開発途上国は、砂漠化、熱帯林の減少等人口圧力や環境資源の不適切な管理に起因する環境問題のほか、経済社会開発の進展に伴い、先進国が経験してきたような環境汚染の問題に直面している。開発途上国では、開発と並行して環境行政機構、環境法制の整備等に取り組んでいるが、通常、技術的経済的基盤が不十分であり、環境保全対策を効果的に進めるためには先進国からの援助が必要となる場合も多い。特に、環境保全対策に数多くの経験と実績を持つ我が国に対する期待が近年高まっており、開発途上国から我が国に対する環境技術協力の要請件数は増大しつつある。このため、国際協力事業団の技術協力の一環として環境技術協力を推進するとともに、より効果的な協力事業の推進の方策について検討を行い、その成果を踏まえて人材の養成・確保等の取組を実施している。
昭和63年度には、次の分野に技術協力が実施された。
(1) 開発調査
? メキシコ市大気汚染対策調査
メキシコ市の大気汚染の現状と発生源について調査し、自動車排ガス、工場ばい煙に関する総合的は大気汚染対策を提言することを目的として、昭和62年2月より、同市の大気汚染対策に係る技術協力が行われ、63年12月に最終報告書が提出された。
? パラグァイ国イパカライ湖流域水質汚濁対策計画調査
パラグァイ国イパカライ湖に係る水質汚濁の現状と発生源について調査し、同湖流域の総合的な水質汚濁対策を提言することを目的として、昭和63年1月より同湖の水質汚濁対策に係る技術協力が行われている。
? ボゴタ市大気汚染対策調査
コロンビア国ボゴタ市の大気汚染の現状を調査し、汚染対策の基本計画を策定することを目的とした開発調査に係る事前調査団が、平成元年1月に派遣された。
(2) 研修員受入れ事業
開発途上国には、環境保全全体に関する専門的な知識経験を有する行政官・技術者の絶対数の不足に直面している国も多い。
このため国際協力事業団は、環境庁、建設省、厚生省等の協力を得て、集団研修を実施している。
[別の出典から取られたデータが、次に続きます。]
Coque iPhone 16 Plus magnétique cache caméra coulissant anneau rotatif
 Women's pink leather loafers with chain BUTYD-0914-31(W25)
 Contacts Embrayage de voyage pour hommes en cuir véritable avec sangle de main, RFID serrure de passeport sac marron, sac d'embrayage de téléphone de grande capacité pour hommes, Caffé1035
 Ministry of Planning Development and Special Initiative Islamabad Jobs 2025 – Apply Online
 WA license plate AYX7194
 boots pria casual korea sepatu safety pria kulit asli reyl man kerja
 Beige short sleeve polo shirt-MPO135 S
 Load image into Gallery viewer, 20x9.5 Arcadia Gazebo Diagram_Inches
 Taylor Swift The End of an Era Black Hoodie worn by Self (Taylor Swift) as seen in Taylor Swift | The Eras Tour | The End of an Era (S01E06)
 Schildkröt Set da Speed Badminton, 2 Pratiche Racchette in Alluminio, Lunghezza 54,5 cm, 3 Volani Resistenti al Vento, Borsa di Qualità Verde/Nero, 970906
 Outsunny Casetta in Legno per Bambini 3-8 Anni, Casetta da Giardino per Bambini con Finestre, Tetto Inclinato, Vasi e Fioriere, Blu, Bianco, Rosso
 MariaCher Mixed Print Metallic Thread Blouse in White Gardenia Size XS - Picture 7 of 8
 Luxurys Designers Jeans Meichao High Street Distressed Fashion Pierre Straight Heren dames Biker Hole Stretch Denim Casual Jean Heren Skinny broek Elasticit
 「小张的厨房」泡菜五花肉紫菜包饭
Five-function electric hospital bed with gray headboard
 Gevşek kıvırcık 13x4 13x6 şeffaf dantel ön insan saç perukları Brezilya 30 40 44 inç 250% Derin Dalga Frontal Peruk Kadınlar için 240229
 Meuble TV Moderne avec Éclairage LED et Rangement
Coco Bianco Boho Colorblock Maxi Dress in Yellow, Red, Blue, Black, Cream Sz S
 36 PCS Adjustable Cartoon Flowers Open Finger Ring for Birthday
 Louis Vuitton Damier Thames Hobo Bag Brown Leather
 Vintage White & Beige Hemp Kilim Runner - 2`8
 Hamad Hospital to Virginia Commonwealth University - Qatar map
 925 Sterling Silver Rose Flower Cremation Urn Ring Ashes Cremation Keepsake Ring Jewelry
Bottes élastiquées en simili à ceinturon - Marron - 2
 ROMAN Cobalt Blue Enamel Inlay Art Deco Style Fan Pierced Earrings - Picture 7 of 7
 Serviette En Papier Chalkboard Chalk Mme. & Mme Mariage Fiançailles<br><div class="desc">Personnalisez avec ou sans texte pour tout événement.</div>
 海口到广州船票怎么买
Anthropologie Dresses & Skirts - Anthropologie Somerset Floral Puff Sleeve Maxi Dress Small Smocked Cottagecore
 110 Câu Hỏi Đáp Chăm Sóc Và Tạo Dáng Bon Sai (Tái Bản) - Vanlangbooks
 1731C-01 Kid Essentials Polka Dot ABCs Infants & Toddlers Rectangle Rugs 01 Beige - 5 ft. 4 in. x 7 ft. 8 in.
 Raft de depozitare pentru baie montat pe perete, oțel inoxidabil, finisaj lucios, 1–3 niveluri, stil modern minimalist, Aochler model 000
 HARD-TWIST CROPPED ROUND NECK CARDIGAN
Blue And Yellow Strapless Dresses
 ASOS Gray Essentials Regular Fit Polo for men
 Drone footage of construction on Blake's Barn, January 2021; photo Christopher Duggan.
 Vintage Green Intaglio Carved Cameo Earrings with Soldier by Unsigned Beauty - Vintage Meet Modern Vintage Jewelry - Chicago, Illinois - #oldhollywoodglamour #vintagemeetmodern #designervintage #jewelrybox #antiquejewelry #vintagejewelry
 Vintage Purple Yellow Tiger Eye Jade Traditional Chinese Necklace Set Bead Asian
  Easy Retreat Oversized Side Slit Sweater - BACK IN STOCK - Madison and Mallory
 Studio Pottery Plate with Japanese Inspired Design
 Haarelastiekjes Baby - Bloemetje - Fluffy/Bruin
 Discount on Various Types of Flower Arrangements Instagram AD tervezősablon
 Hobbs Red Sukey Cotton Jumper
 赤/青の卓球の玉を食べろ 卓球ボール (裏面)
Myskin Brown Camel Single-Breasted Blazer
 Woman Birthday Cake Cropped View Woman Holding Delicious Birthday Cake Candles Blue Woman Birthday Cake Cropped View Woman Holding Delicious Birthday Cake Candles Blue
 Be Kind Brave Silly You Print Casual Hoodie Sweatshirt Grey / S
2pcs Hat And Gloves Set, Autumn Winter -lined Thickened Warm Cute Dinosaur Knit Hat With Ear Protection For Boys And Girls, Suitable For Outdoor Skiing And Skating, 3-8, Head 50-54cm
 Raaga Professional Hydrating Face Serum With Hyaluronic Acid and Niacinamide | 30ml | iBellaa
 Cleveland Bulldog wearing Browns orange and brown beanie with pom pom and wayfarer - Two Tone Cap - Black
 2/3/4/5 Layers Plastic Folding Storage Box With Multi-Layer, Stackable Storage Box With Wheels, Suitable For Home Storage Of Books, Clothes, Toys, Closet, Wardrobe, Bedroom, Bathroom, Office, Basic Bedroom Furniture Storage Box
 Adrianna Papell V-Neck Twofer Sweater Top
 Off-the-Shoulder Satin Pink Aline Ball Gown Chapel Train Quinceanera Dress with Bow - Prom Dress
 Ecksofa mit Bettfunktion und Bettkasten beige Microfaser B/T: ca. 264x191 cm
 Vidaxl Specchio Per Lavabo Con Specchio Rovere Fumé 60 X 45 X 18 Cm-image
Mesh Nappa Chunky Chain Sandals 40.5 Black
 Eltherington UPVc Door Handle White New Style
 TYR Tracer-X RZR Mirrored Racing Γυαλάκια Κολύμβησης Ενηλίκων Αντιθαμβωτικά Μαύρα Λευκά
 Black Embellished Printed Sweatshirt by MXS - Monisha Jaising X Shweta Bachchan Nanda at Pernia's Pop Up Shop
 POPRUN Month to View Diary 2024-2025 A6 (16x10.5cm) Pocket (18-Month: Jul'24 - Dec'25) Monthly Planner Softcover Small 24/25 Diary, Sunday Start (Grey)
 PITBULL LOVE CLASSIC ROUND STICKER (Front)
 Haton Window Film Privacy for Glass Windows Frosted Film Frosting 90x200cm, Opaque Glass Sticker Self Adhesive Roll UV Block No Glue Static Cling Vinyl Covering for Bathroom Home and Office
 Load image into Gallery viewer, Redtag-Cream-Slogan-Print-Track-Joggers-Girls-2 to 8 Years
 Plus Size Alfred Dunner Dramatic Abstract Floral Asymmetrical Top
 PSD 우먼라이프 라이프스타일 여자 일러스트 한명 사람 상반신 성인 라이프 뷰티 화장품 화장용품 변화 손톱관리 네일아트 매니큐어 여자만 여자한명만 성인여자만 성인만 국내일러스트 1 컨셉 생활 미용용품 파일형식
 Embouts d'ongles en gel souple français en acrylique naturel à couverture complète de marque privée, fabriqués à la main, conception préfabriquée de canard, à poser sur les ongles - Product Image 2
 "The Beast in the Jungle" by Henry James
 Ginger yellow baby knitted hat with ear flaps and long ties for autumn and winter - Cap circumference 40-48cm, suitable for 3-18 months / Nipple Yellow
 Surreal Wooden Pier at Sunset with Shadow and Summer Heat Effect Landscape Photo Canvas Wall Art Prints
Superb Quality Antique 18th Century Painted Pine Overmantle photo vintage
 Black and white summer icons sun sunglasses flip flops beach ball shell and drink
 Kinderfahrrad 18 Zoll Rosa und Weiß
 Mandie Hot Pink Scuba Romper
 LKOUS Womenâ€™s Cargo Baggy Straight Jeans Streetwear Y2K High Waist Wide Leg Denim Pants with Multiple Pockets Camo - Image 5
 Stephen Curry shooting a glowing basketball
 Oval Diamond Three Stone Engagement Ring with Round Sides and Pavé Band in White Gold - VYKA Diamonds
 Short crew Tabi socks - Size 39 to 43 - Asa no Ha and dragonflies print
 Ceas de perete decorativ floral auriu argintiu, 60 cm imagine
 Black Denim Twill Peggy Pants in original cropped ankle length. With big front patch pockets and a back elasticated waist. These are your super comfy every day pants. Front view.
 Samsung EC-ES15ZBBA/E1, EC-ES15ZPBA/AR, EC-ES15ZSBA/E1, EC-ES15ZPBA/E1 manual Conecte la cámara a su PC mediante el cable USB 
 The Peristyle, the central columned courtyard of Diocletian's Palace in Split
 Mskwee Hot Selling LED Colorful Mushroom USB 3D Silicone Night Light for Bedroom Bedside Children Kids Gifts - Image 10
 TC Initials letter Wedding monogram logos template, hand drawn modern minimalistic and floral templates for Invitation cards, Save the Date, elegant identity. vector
昭和63年度には環境行政(8か国8名)、環境技術(水質保全)(13か国13名)、環境技術(大気保全)(7か国8名)、下水道技術(14か国14名)、廃棄物処理(9か国10名)、産業環境対策(4か国7名)及び産業公害防止(5か国5名)の研修を実施した。また、同事業団は特定の問題に焦点を合わせた個別研修を各国のニーズに応じ随時実施している。
(3) 専門家派遣
開発途上国の行政機関・研究機関等に環境分野の技術移転を行うために、韓国、タイ、マレーシア、インドネシア、チリ等に専門家を派遣した。